Directions: Down to the last line, set down the listing below exactly, apart from its pictures.

===

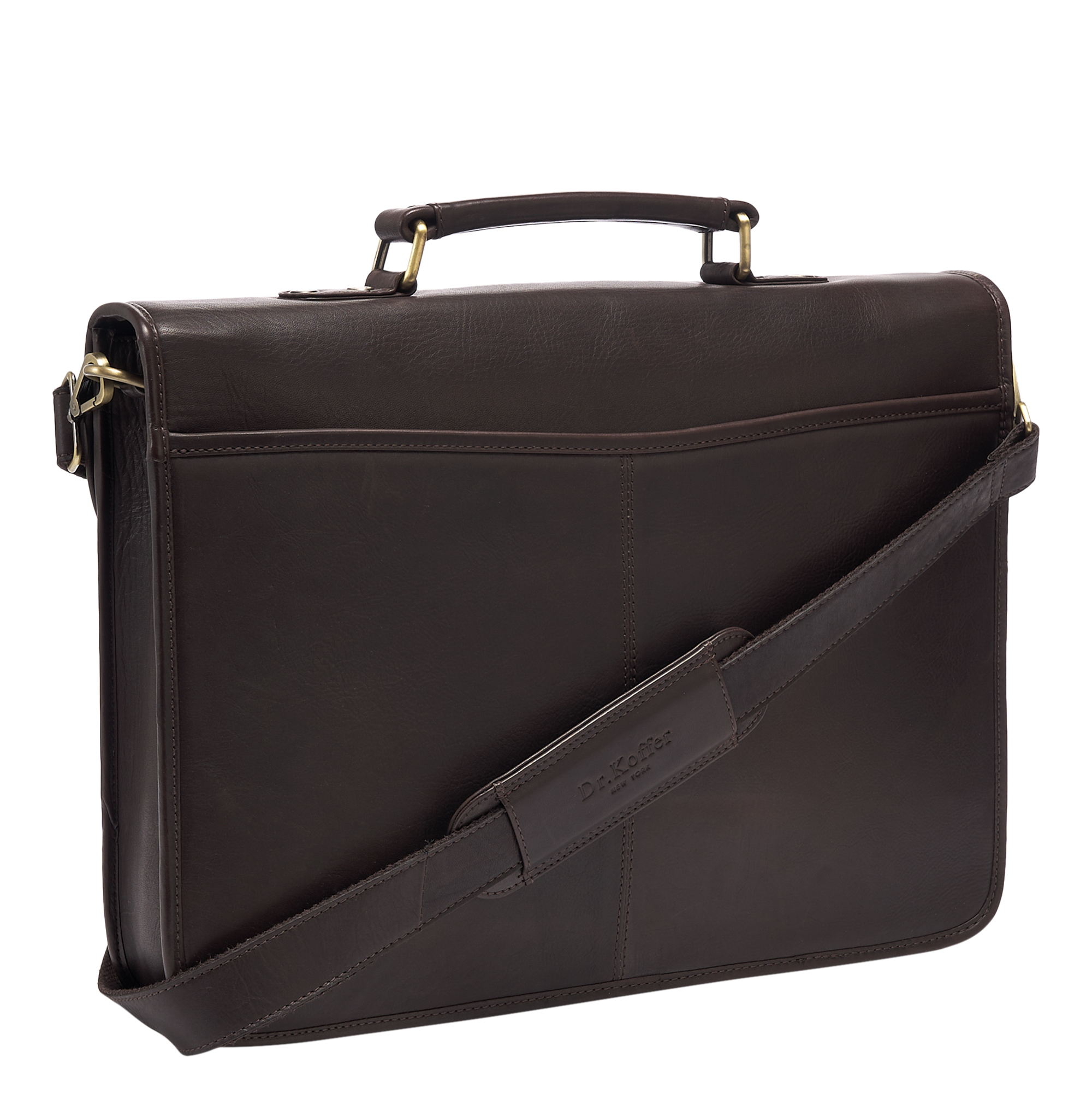 b402807-247-09 портфель B402807-247-09 со скидкой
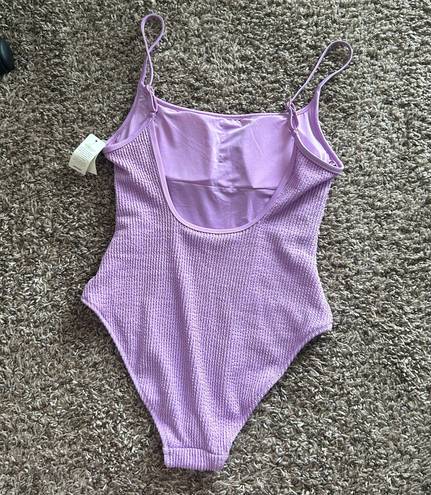 Aerie Swimsuit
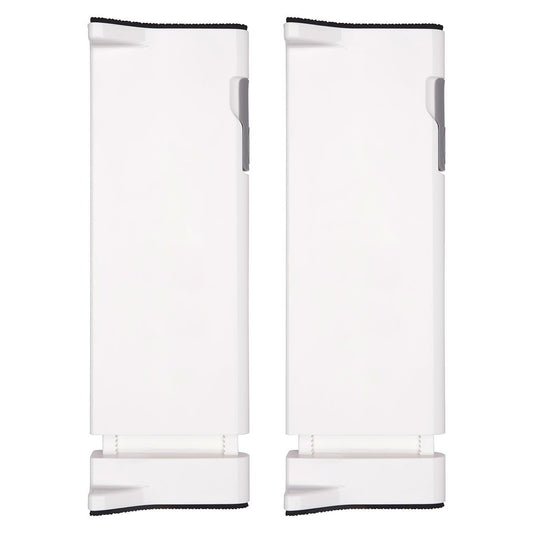 oxo-tot-expandable-dresser-drawer-divider-4-pack-a5 iygyfrqbm8stzubhu1gh.jpg
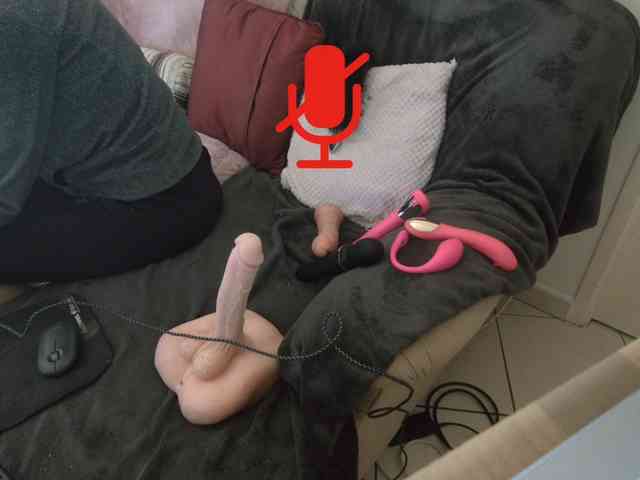 DENERYS DENERYS
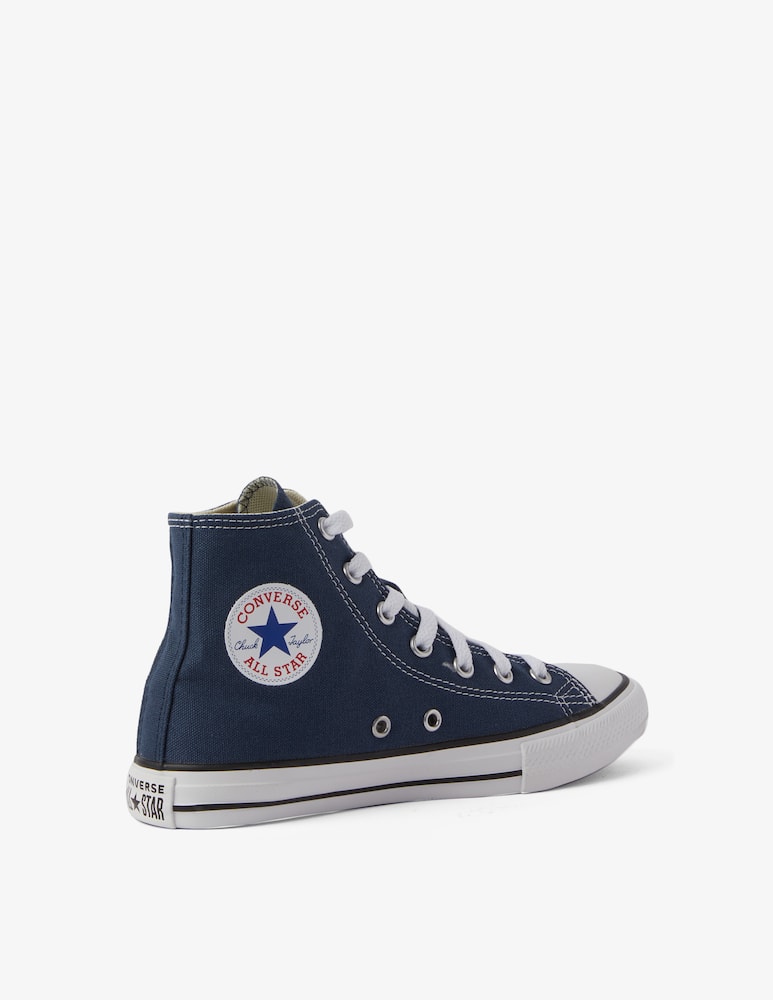 Converse Sneakers chuck taylor all star - immagine 3 Converse Sneakers chuck taylor all star - immagine 3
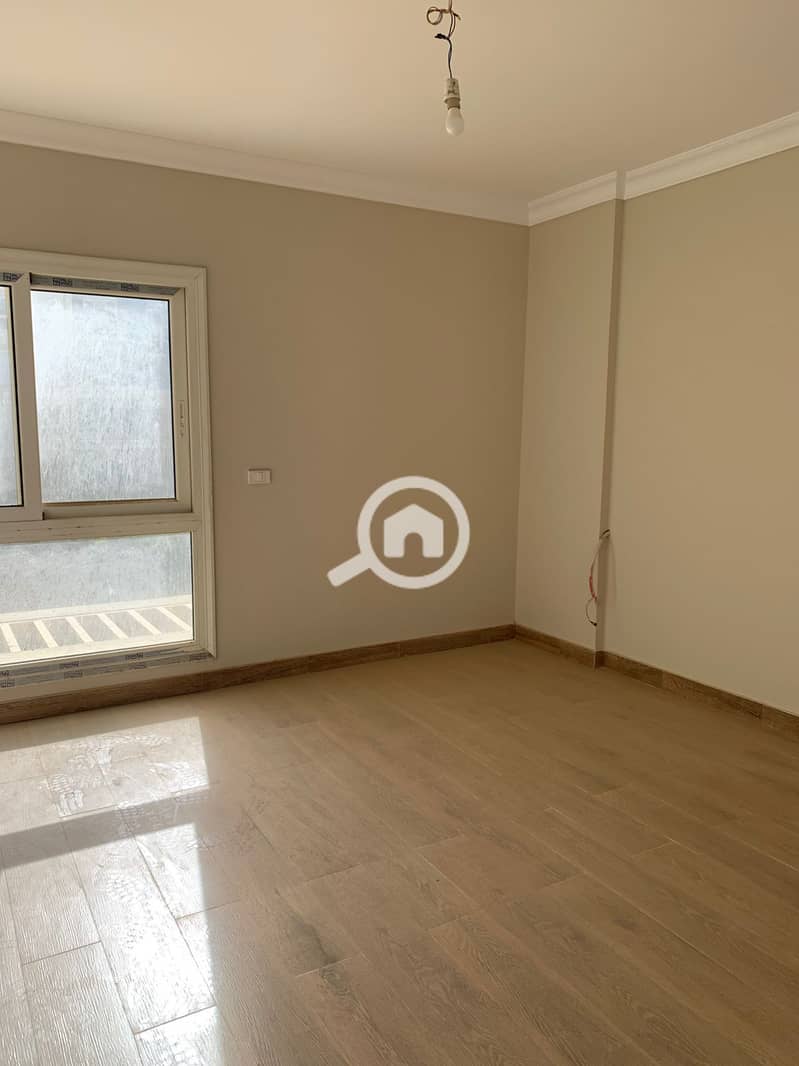 7 WhatsApp Image 2026-01-22 at 8.06. 27 PM. jpeg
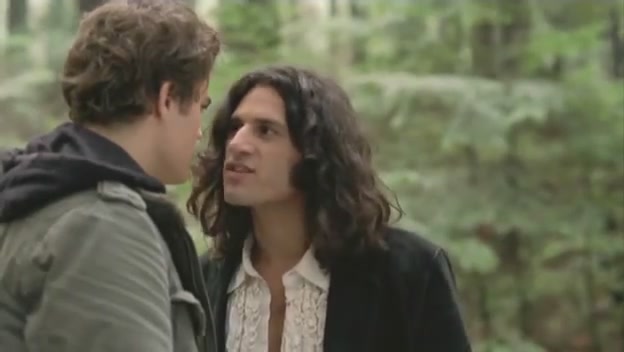 VampireDiariesWorld-dot-org-FallenPart3-1764.jpg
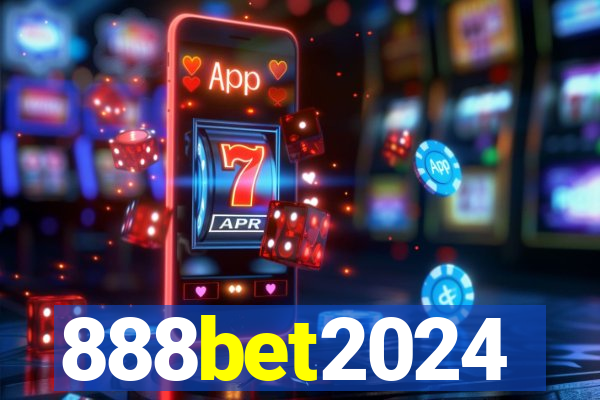 888bet2024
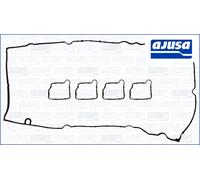 CYLINDER HEAD COVER GASKET 56049400 AJUSA I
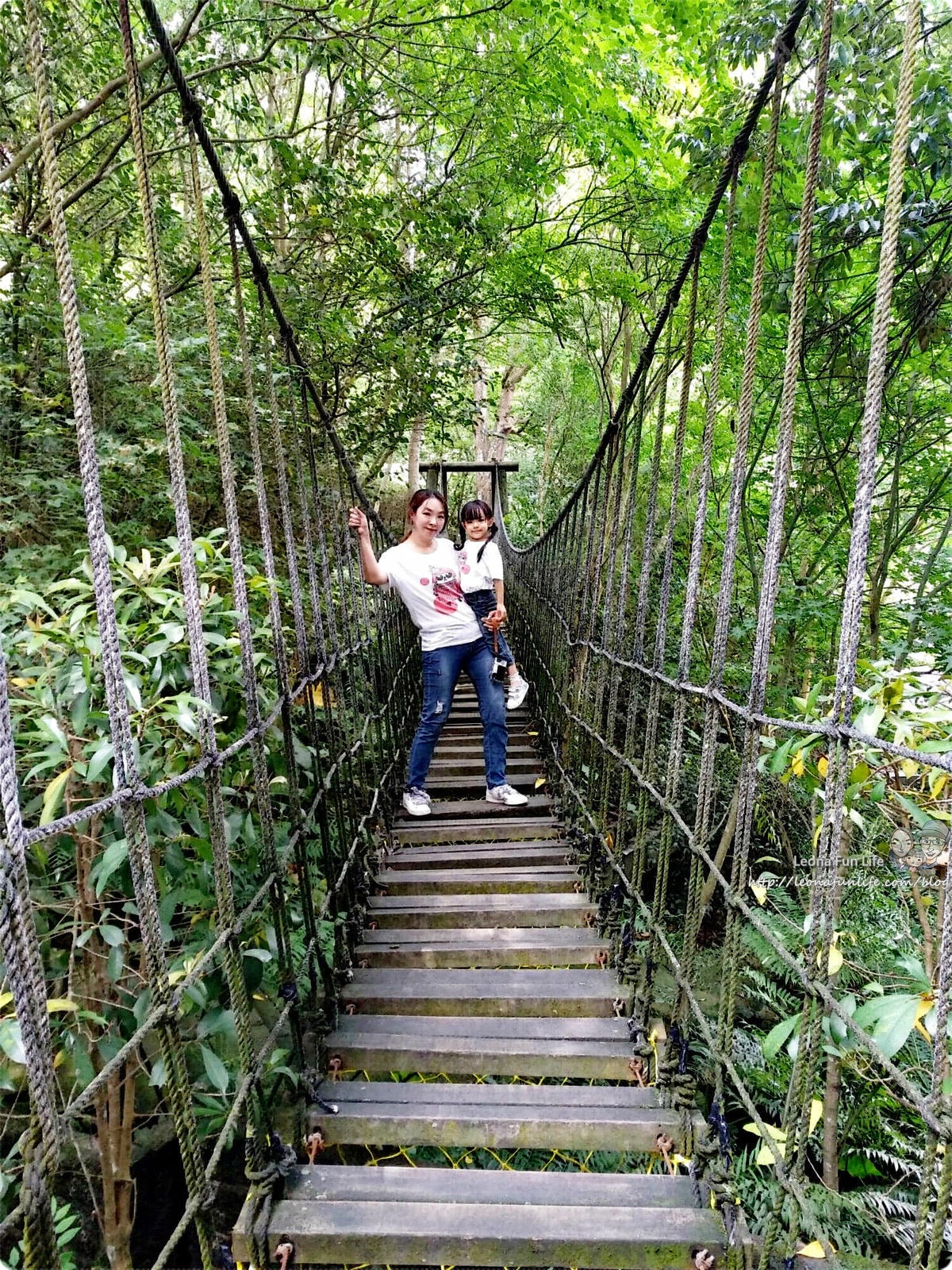 20251027_-184 20251027_-184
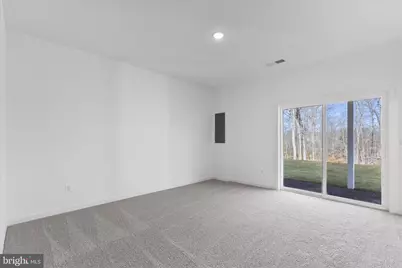 36121 Wilderness Shores Way, Locust Grove, VA 22508 - Photo 5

===

Solution:
 b402807-247-09 портфель B402807-247-09 со скидкой
 Aerie Swimsuit
 oxo-tot-expandable-dresser-drawer-divider-4-pack-a5 iygyfrqbm8stzubhu1gh.jpg
 DENERYS DENERYS
 Converse Sneakers chuck taylor all star - immagine 3 Converse Sneakers chuck taylor all star - immagine 3
 7 WhatsApp Image 2026-01-22 at 8.06. 27 PM. jpeg
 VampireDiariesWorld-dot-org-FallenPart3-1764.jpg
 888bet2024
 CYLINDER HEAD COVER GASKET 56049400 AJUSA I
 20251027_-184 20251027_-184
 36121 Wilderness Shores Way, Locust Grove, VA 22508 - Photo 5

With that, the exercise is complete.